Ces messages doivent répondre à certains « critères » pour favoriser la performance (voir notamment Bühler, 2012) :
– Être exprimé en «JE» et de façon positive : «je vais y arriver»
– Être personnalisé donc avoir du sens pour la personne en fonction de qui elle est (qualités – forces) et de son sport : «je sens que j’ai la force de remonter ces deux concurrents, je suis un excellent finisher».
– Permettre une action dans le présent ou le futur : «je m’accroche au concurrent qui est juste devant moi».
– Permettre de trouver une solution ou une porte de sortie : «je suis capable de mettre le prochain point et de gagner ce jeu».
Il est important de bien vous connaître en tant que sportif (qui suis-je en tant que sportif ? quelles sont mes réactions ?), de savoir de quoi vous êtes capable (quelles sont vos qualités et vos ressources) et de quoi vous avez besoin dans les moments difficiles.
Il est évidemment très important que ces auto-verbalisations soient en accord et adaptées au sportif et à sa réalité. Il ne s’agit en aucun cas de se donner des messages auxquels on ne croirait pas, empruntés à d’autres ou dont l’issue serait inaccessible. Les exemples donnés dans cet article pourraient donc vous paraître non adaptés et c’est normal, les discours internes sont personnels; chaque sportif doit donc travailler pour en bénéficier.

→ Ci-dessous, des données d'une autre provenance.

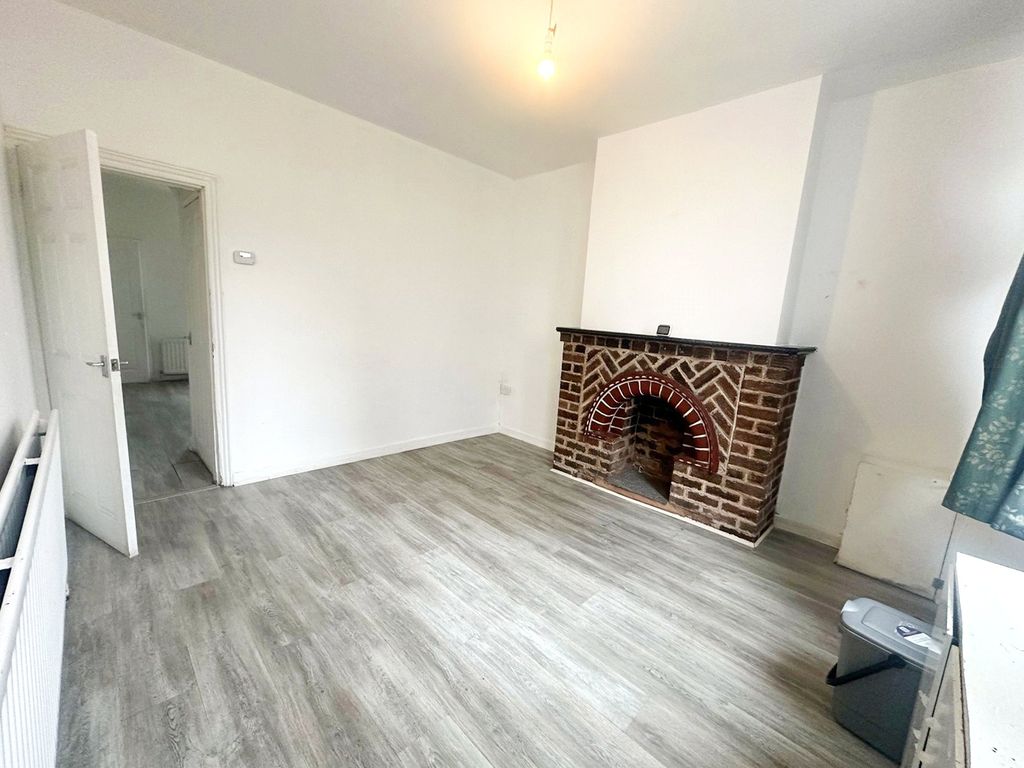 Property photo 2 of 13 Picture No. 34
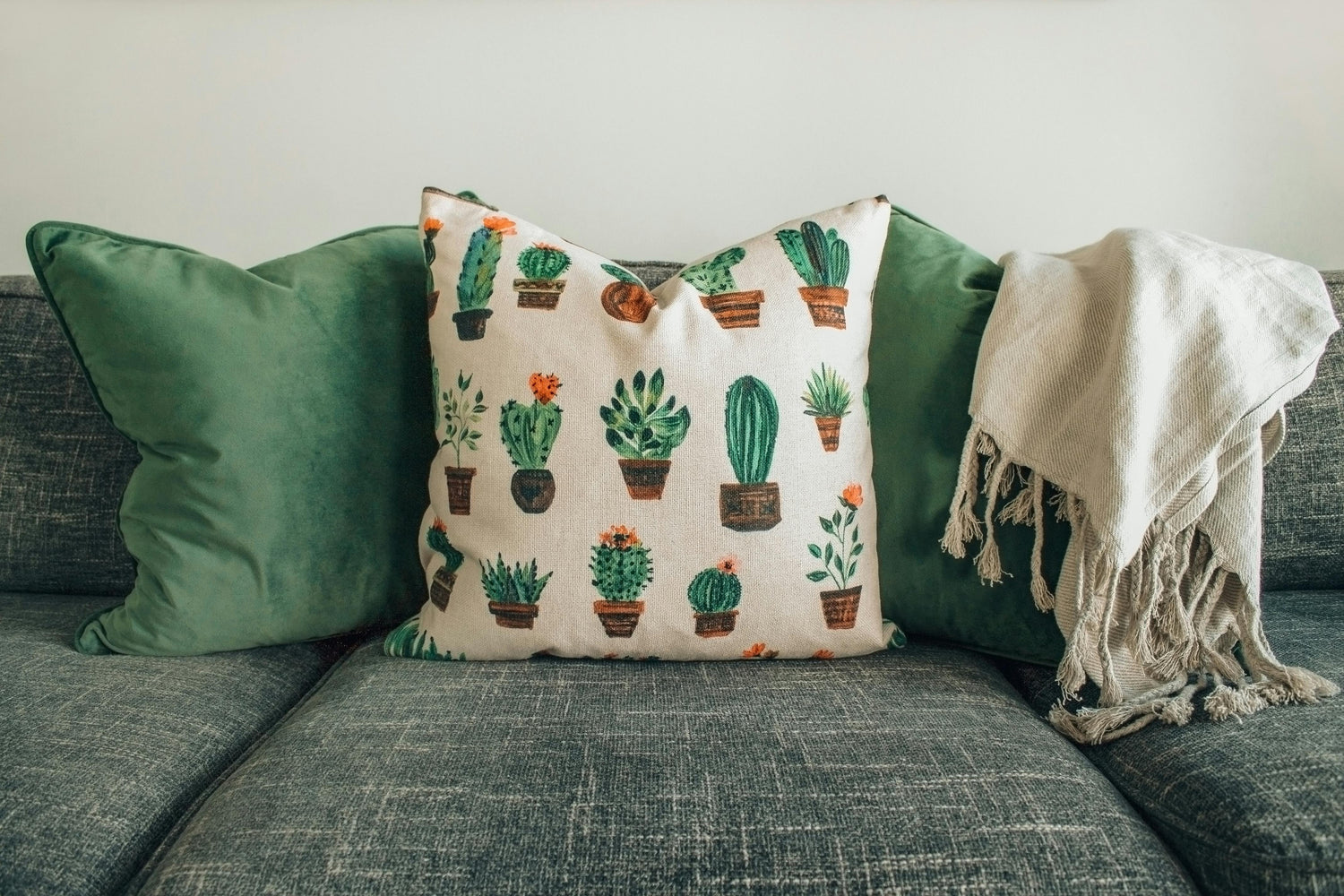 Decorative Pillows, Throws & Blankets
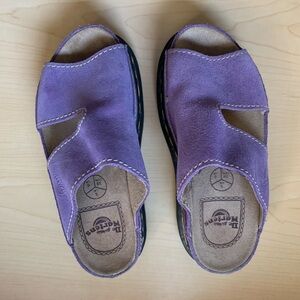 Dr Martens Airwair shoes, women’s US size 6, gently used condition.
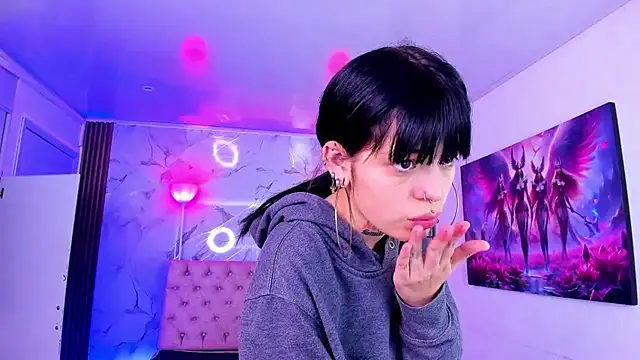 AuroraDiaz online show from 12-20-25, 07:17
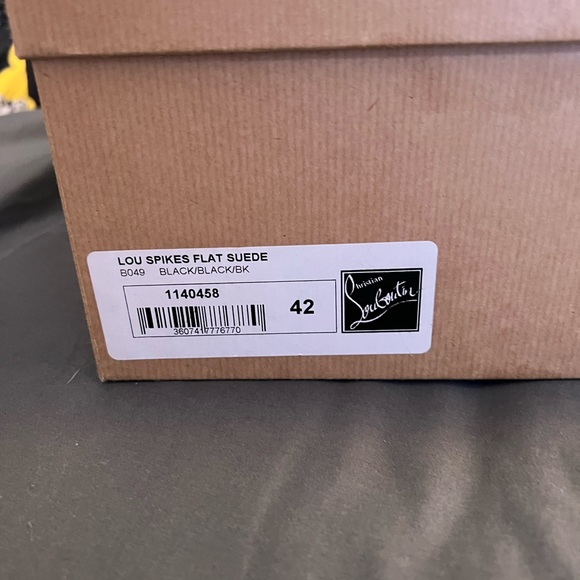 AUTHENTIC Christian Louboutin -Lou Spikes Flat Suede - Picture 2 of 6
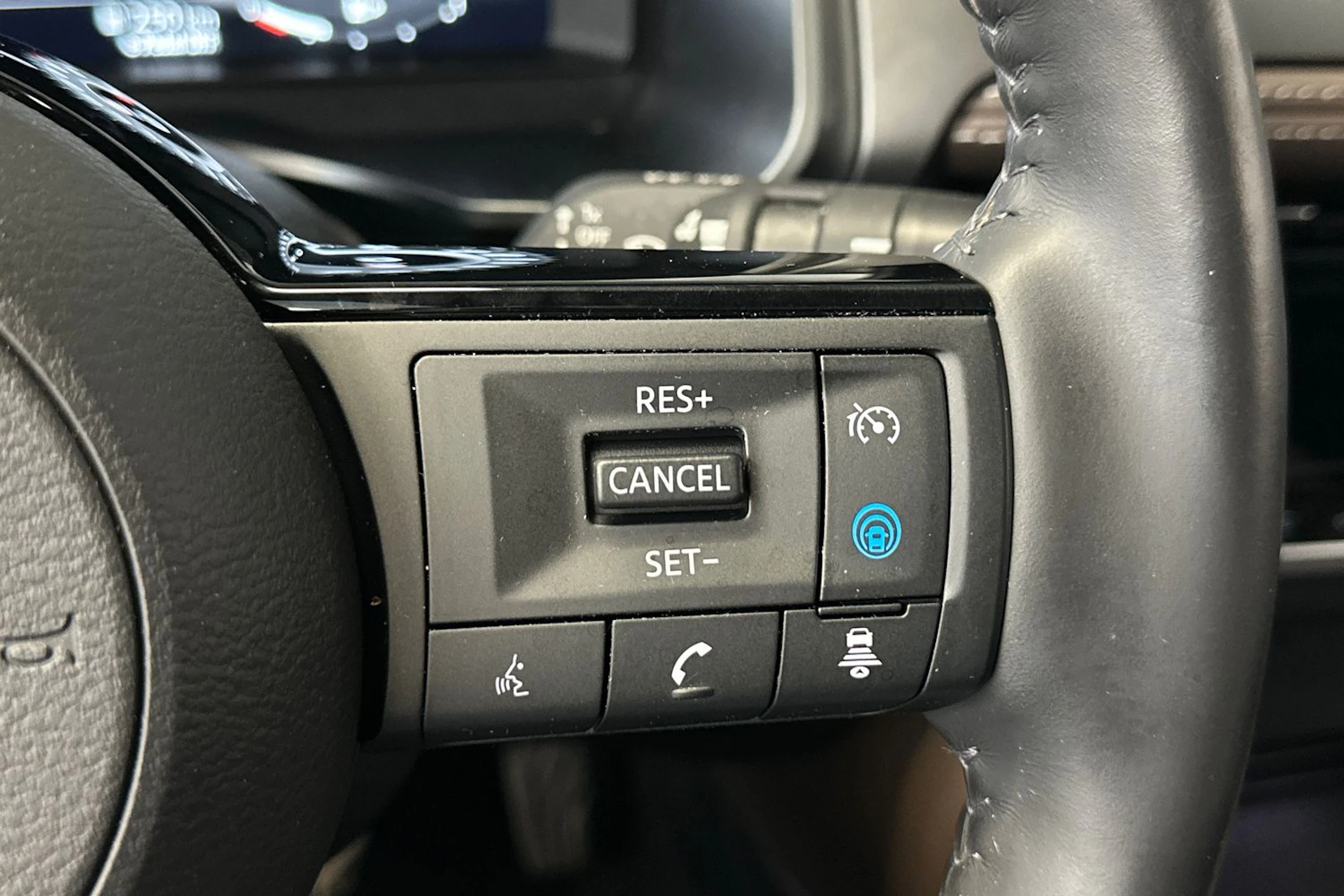 Punainen Nissan Qashqai 2024 kuva 18.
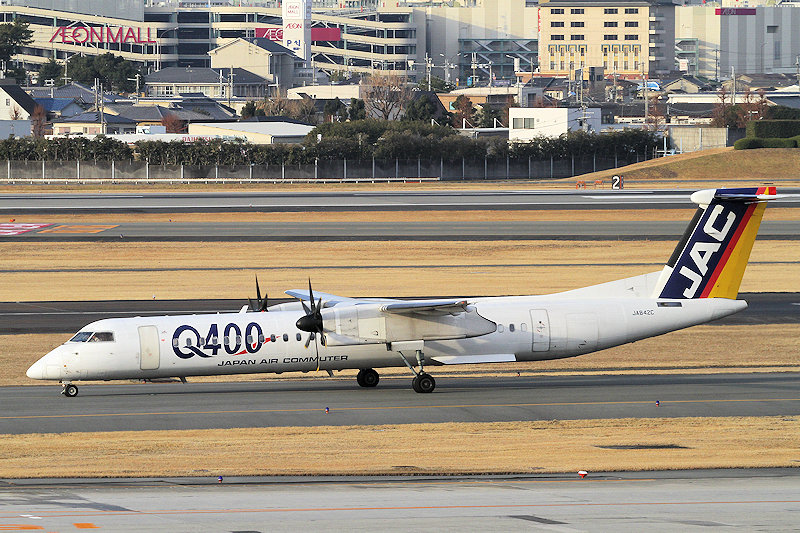 登録記号（レジ） JA842C 飛行機写真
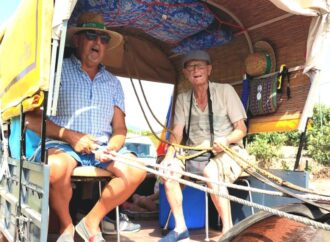 Una ruta entre mar i muntanya per mantenir viva la tradició dels carros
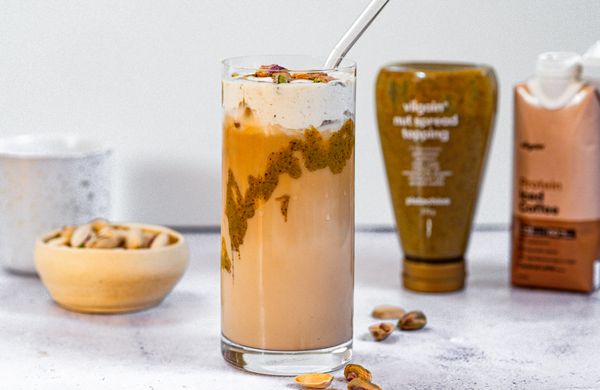Pistáciové Iced Latte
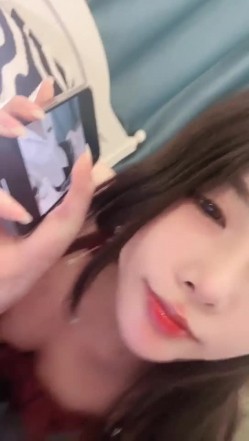 ️ ️【顶级名媛新人女神下海 婉月儿】万里挑一 身材和颜值都是天花板级的存在，男人心目中的完美尤物 截图5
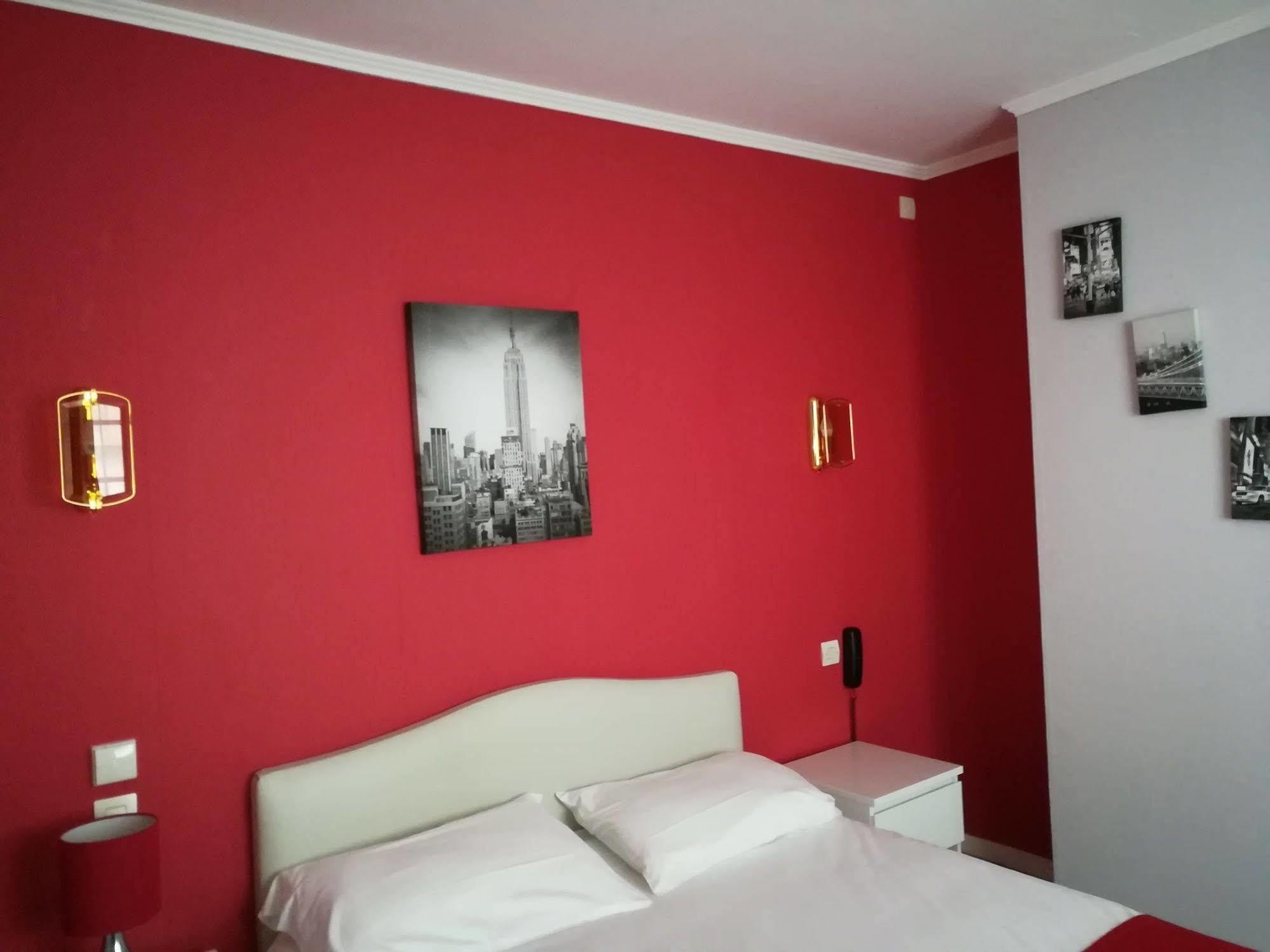 Contact Hotel Du Relais תוארס מראה חיצוני תמונה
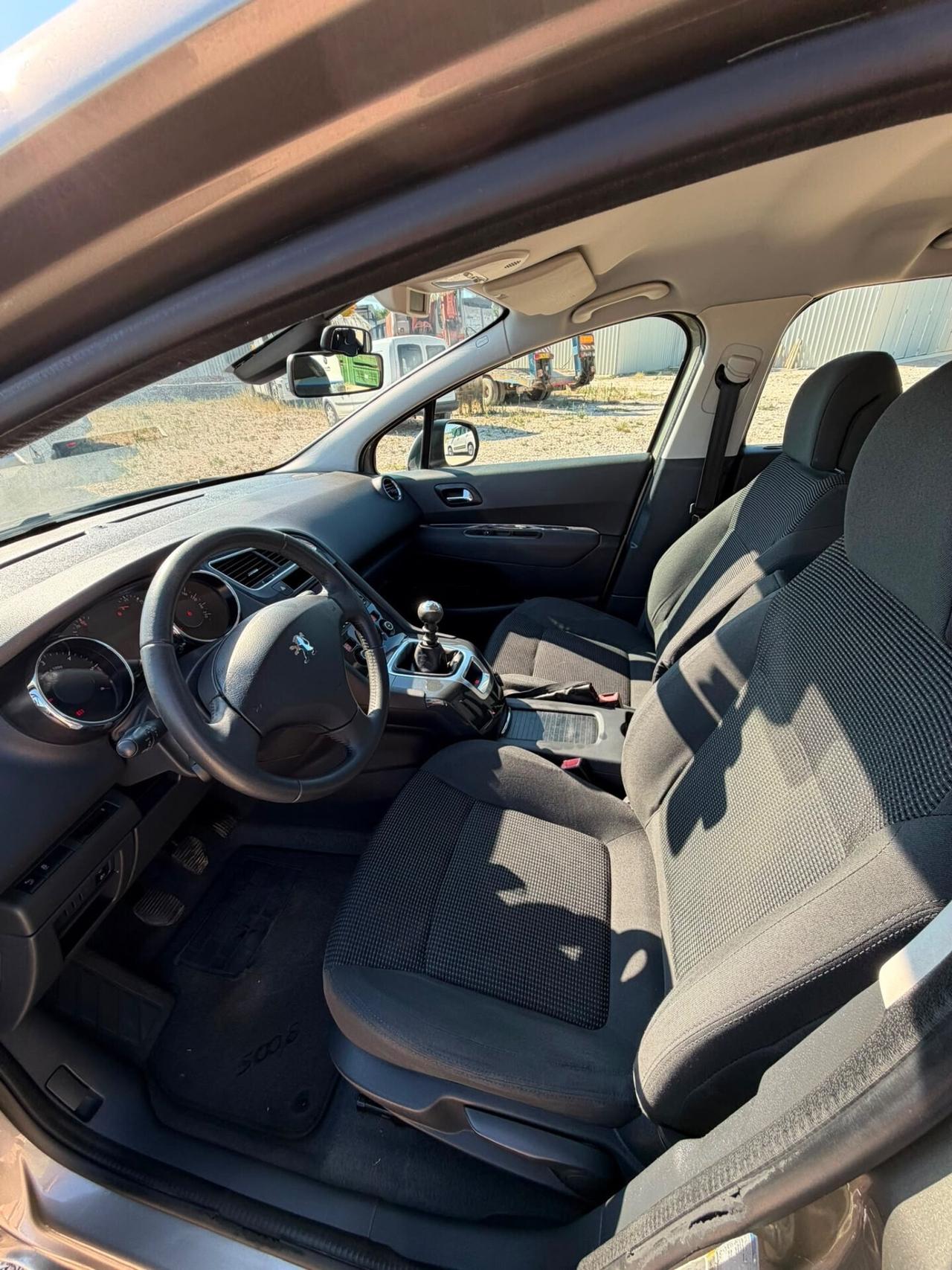Peugeot 5008 1.6 HDi 115CV Business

Qu’en est-il du côté de la recherche?
Relevons le fait qu’il n’est pas facile d’étudier le discours interne puisqu’il est « interne » et qu’il faut donc avoir accès aux pensées et aux paroles des sportifs. Toutefois nous savons que cette technique touche à différents thèmes tels que, la concentration, la gestion de l’anxiété et la confiance en soi qui ont été plus largement étudiés (voir Boudreault, Trottier & Provencher (2016)). Ces auteurs font aussi référence à la théorie des styles attentionnels de Nideffer (1976) dont nous avons parlés dans notre infographie sur les 4 modes de concentration. De plus, Latinjak & Hatzigeorgiadis (2020) vous révéleront, dans leur ouvrage récent, les “secrets” du discours interne issus des recherches effectuées.
Références utilisées et permettant d’aller plus loin :
Boudreault, V., Trottier, C. & Provencher, M. (2016). Discours interne en contexte sportif : synthèse critique des connaissances. Staps, 1(1), 43-64. https://doi.org/10.3917/sta.111.0043
Bühler, J. (2012). Player Development. Bases Psyché. Swiss Tennis Editions.
Latinjak, A.T., & Hatzigeorgiadis, A. (2020). Self-talk in Sport (1st ed.). Routledge. https://doi.org/10.4324/9780429460623
Nideffer, R. M. (1976). Test of attentional and interpersonal style. Journal of Personality and Social Psychology, 34, 394-404.